Jasmine mengulang kata-kata penyemangat Alan semalam padanya.

Alan mengangguk mengiyakan pertanyaan Jasmine. "Lalu apa rencana Kamu sekarang?"

" Kita harus selidiki yang janggal! Kita pergi ke rumah bunda sekarang!" seru Jasmine pada Alan. Saking bersemangatnya gadis itu bahkan langsung bangkit dari posisi sebelumnya.

Namun, Alan menahan pergerakan gadis itu dengan menggenggam pergelangannya. "Aku udah lanjur pesen makanan buat kita. Kita sarapan dulu, ya!"

Jasmine yang sedang menggebu akan menyelidiki kasus kepergian sang bunda yang janggal itu sebenarnya tidak merasa lapar sama sekali. Namun, mendengar Alan sudah terlanjur memesan makanan untuk mereka. Jasmine tidak tega menolak, akhirnya gadis itu memilih duduk di posisinya semula.

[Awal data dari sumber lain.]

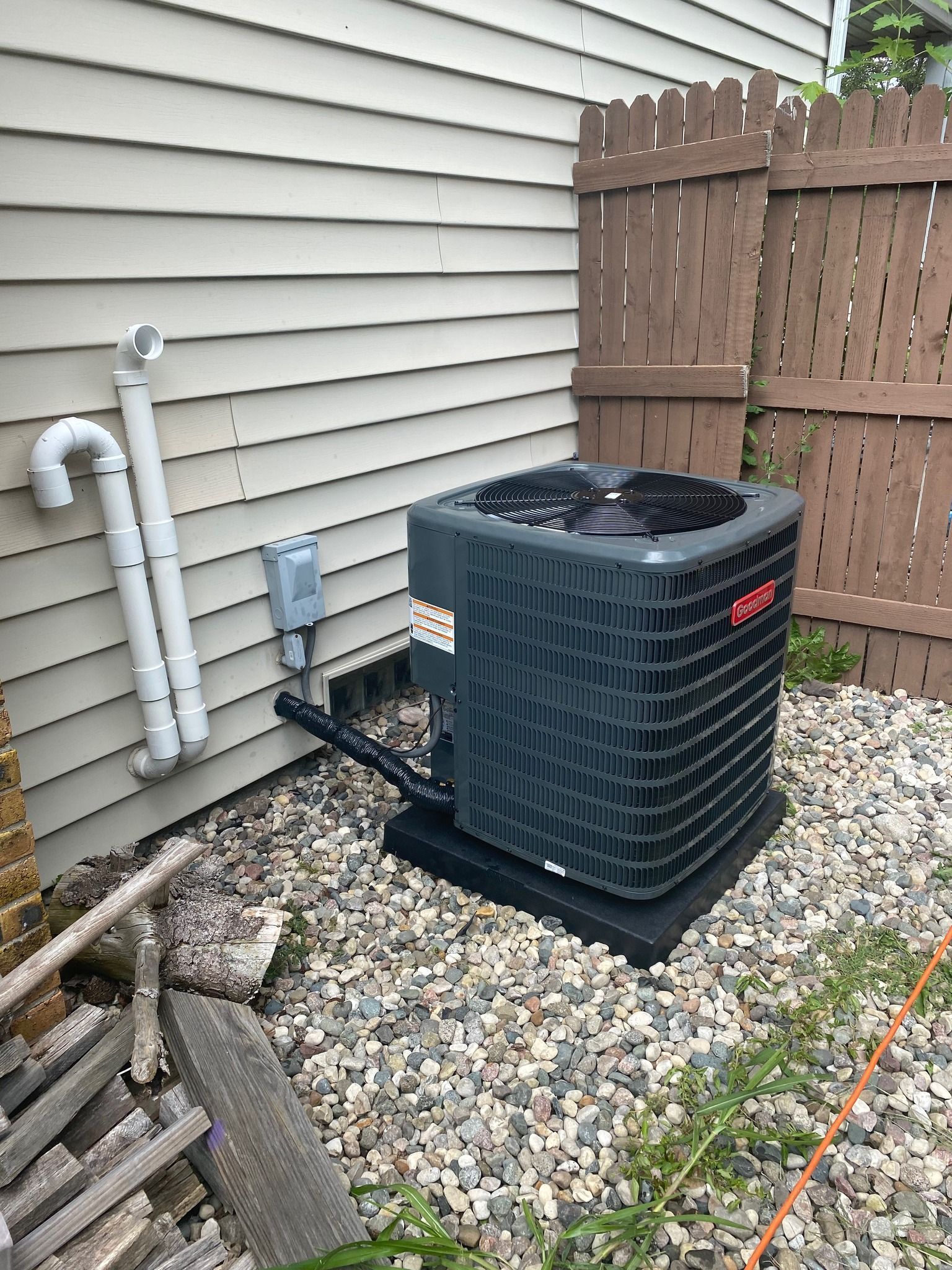 A grey air conditioning unit sits on a gravel patch beside a house exterior with white siding and two PVC pipes.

Beruntungnya tepat waktu. Usai Alan mengecek ponsel miliknya untuk melihat pesanan online makanan untuk mereka sarapan. Makanan yang Alan pesan datang tiga menit kemudian. Mendengar bel apartemen berbunyi Alan berinisiatif untuk membukanya. "Itu pasti makanan kita."

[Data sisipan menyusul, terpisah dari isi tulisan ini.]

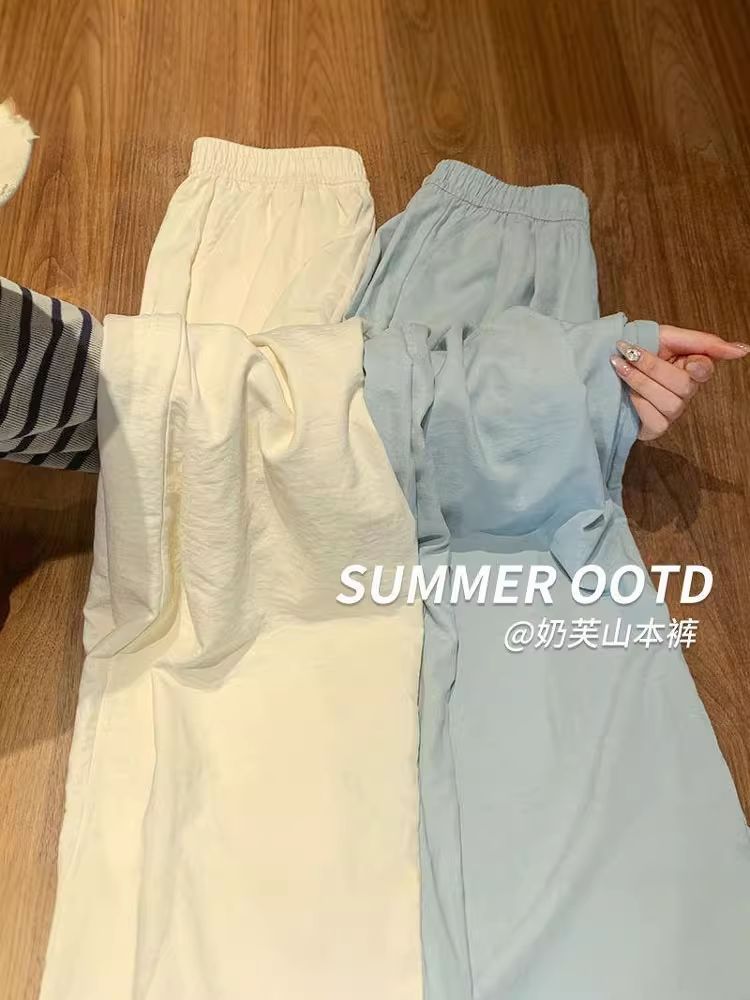 Pantalones Yamamoto de seda lechosa blanca para mujer, estilo fino de verano, nuevo modelo 2026, textura holgada y relajada, pantalones anchos de seda helada con caída.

Setelah menerima pesanan makanan mereka Alan gegas menyiapkan semua di atas meja. " Aku harap kamu masih suka ini!"

Alan memberikan sendok makan pada Jasmine. Tidak lupa bubur ayam kering tanpa kuah yang sudah siap Alan berikan pada Jasmine. " Aku sengaja pesan ini. Dari kemarin perut kamu pasti belum terisi."

Alan khawatir asam lambung Jasmine naik, sehingga tadi dirinya memesan makanan yang mudah di cerna.

"Makasih, tapi maaf aku nggak berselera makan."

Jasmine menatap nanar makanan yang amat ia suka dari dahulu sampai sekarang. Ternyata Alan masih mengingat salah satu menu sarapan favoritnya itu.

"Aku suap, ya? Inget ...! buat kamu bisa berhasil membongkar kejanggalan itu, kamu butuh energi untuk mewujudkannya."

Alan dengan telaten membujuk gadis itu supaya mau mengisi energinya terlebih dahulu sebelum meluncurkan aksinya.

"Ayo a ...!"

Satu suapan Alan ambil kemudian ia dekatkan ke erah mulut gadis itu. Jasmine terpaksa membuka mulutnya tidak ingin membuat Alan kecewa.

"Kamu makan juga!" Jasmine ingin Alan juga ikut sarapan bersamanya. Akhirnya mereka berdua memakan bubur satu porsi untuk berdua saja. Satu porsi lainya mereka akan berikan pada security apartemen yang berjaga.

Beberapa menit berlalu mereka sudah selesai sarapan. Mereka bahkan saat ini sudah berada di dalam mobil Alan yang melaju dengan kecepatan rata-rata menuju perumahan elit tempat rumah bunda Fatma berada.

Tiga puluh menit membelah jalanan kota yang padat namun, cukup lancar. Mobil yang Alan kemudikan telah terparkir di halaman rumah almarhum.

Jasmine keluar lebih dahulu dari mobil Alan. Berjalan elegan menuju pintu utama rumah bagaikan istana milik almarhum sang bunda berada

Alan tentu ikut bersama Jasmine tepat satu langkah di belakang gadis itu berjalan. Sampai di dalam rumah mewah, tempat yang menjadi tujuan utama Jasmine

adalah lokasi di mana sang bunda di temukan tewas mengenaskan.

Namun, belum sampai di taman rumah kaca Jasmine mendengar canda tawa kebahagiaan dari arah jalan yang sebaliknya.

Lekas Jasmine memutar langkah menuju sumber tawa yang ternyata berasal dari ruang kerja almarhum sang bunda. Dengan langkah cepat menahan amarah di dada Jasmine mengikis jarak.

Brak!

Jasmine mendorong pintu ruangan itu sekuat yang dia bisa. Alhasil suara keras pintu di buka kasar berhasil mengejutkan mereka yang tertawa terbahak di dalam ruang kerja Fatma. " Kalian menertawakan apa?"

Suara Jasmine terdengar penuh amarah di dalam sana. Alan sendiri tidak langsung masuk, pria itu memilih menunggu di luar ruangan terlebih dahulu.

Sepasang suami istri yang merupakan anak sulung almarhum menatap tajam pada Jasmine yang sudah mengganggu kebahagiaan mereka.

"Anak kesayangan Bunda! Kamu sudah pulang?"

Perempuan yang merupakan anak menantu di rumah itu menghampiri Jasmine, kemudian kembali berceloteh kala posisi mereka sudah sangat dekat sambil memainkan rambut Jasmine yang sengaja di gerai pagi itu. " Kami dari kemarin sudah menunggu kedatangan kamu ...,"

Kalimat sang wanita menggantung ketika mendengar langkah memasuki ruangan yang terbuka lebar pintunya itu.